In order to restore Wonderland to its former nonsensical glory, Alice must travel beyond Wonderland and team up with a cast of characters formerly thought to only reside in fairy tales. With them in tow, she has to form an army to stop the Ace of Spades once and for all. Her first direction on her quest? Find the second star to the right and follow it straight on til morning!
I’ll admit it. I’m a sucker for a good fairy-tale, so the recent boom in their re-tellings has been especially thrilling for me. The fairy tale industry has blossomed in several arenas lately. From Once Upon A Time, to the Lunar Chronicles, to the video below, fairy tales are being retold and reformed in a million different ways.
While each of these is fabulous in its own right, what made Alice Takes Back Wonderland unique is that it doesn’t add so many elements that it makes the original story unrecognizable within its retelling. Alice Takes Back Wonderland maintains the integrity of the stories we grew up with, know, and love.

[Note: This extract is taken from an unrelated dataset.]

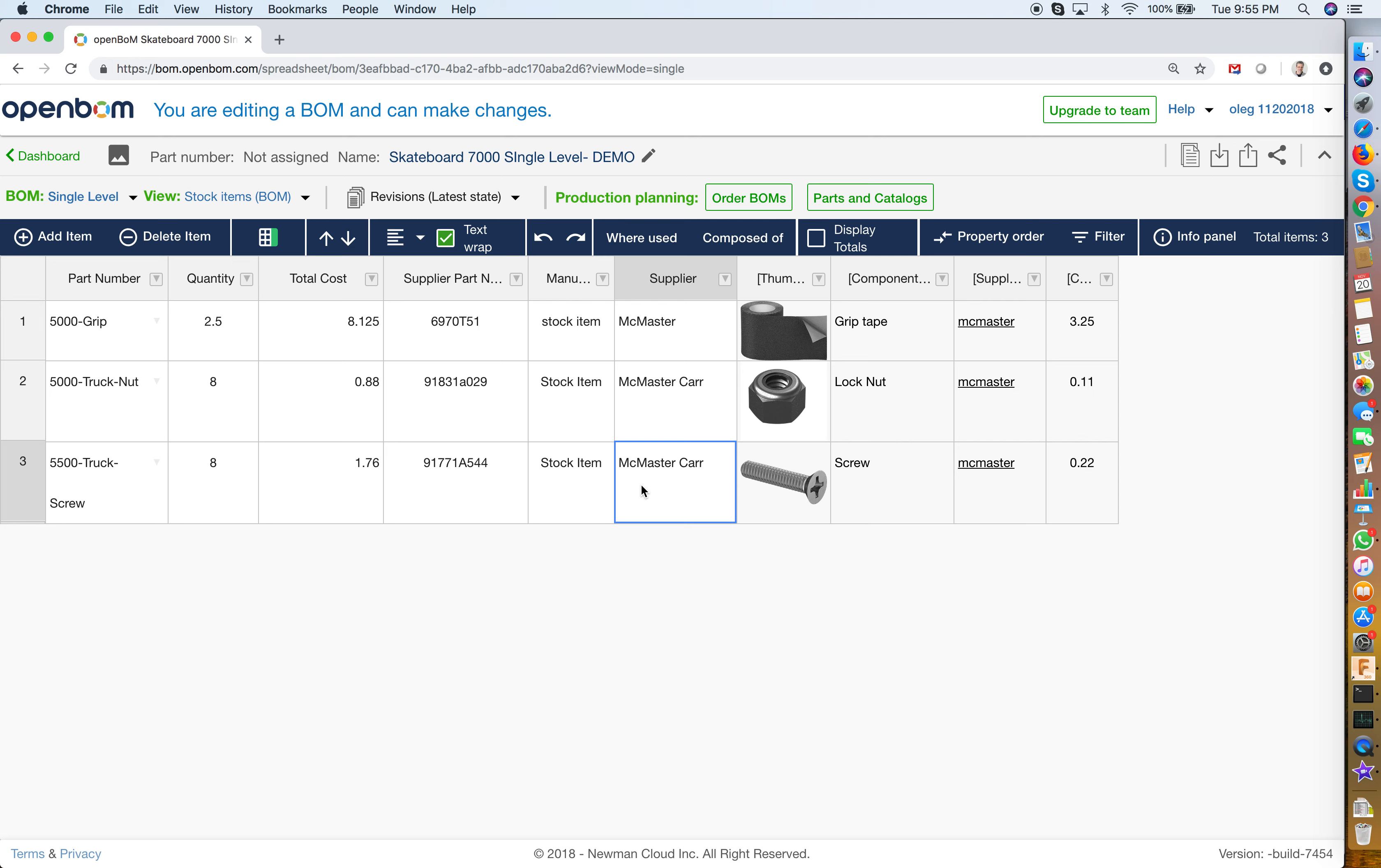That was Oleg with OpenBOM and new functionality in the latest OpenBOM release about views and custom filters. Thank you very much.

I loved the fact that in expanding upon Alice’s story, David Hammond introduced a menagerie of characters we’ve come to recognize from Disney, Hans Christen Anderson, The Brothers Grimm, and even ancient mythology. Not only does he reintroduce us to these former heroes of our childhood, but he tells a story in which each of these character’s lives is intertwined with that of the others. Although not a complete departure, the storybook characters Alice meets when she endeavors to take back Wonderland do differ slightly from those we’ve grown up with. While he is introducing new content to these stories, and certainly shining characters such as Robin Hood in a light in which we may not have previously seen them, Mr. Hammons does so in a way that doesn’t retract from, but rather adds to, the classic fairy tale quality and feel of the stories.

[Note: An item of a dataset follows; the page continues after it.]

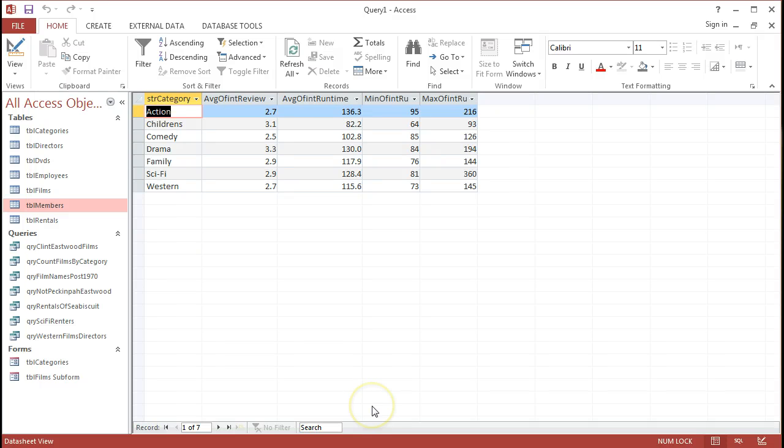In the last tutorial, we had just set up a nice totals query, and we can see the results here. What we've got is different average, min, and max results coming out.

At first, as anyone likely would be, I was slightly thrown off by the changes. However, the reasoning for it was awesome. It was so awesome, in fact, that as the story went on, the character and plot differences only added to the fairy-tale quality and therefore my love for the overall book. You see, fairy tales, while presented in our world in books, pictures and cartoons, are simply echoes. They echo another world altogether that as we age, we forget exists, idealize, and convince ourselves is just a figment of our own imagination.

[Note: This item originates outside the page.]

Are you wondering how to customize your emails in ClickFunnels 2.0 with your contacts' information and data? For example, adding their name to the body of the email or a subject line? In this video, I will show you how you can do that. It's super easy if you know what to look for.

Speaking of differences, can we talk for a second about setting? David Hammons brings us back to Wonderland and Neverland; both of which we are familiar with and could practically draw from memory, but in the course of the story, he also introduces us to the land of Grimm. As you can imagine, this is where many of the other tales we are familiar with take place. Given that we have little cohesive context of what this magical place looks or feels like, Mr. Hammons did a fabulous job of showing us. While going into too much detail would spoil it for future readers, I will say this: Imagine that a unicorn was playing MineCraft. What would that look like? Ladies and gentlemen, there you have it….the land of Grimm. It was all colors, and crystals, and imaginative architecture…in a word, it was beautiful. It was everything one would imagine Grimm to be and more.
While this novel isn’t at all similar to anything I’ve read of late, or even comparable to any of the other novels that I’ve given to full five stars to, from the beautiful cover, to eye-catching chapter transitions, and of course the gorgeously woven story in between, it was exquisite. I read in the author’s biography that C.S. Lewis is a personal hero of his, and I think he’s done Mr. Lewis proud in the writing of this wonderful book.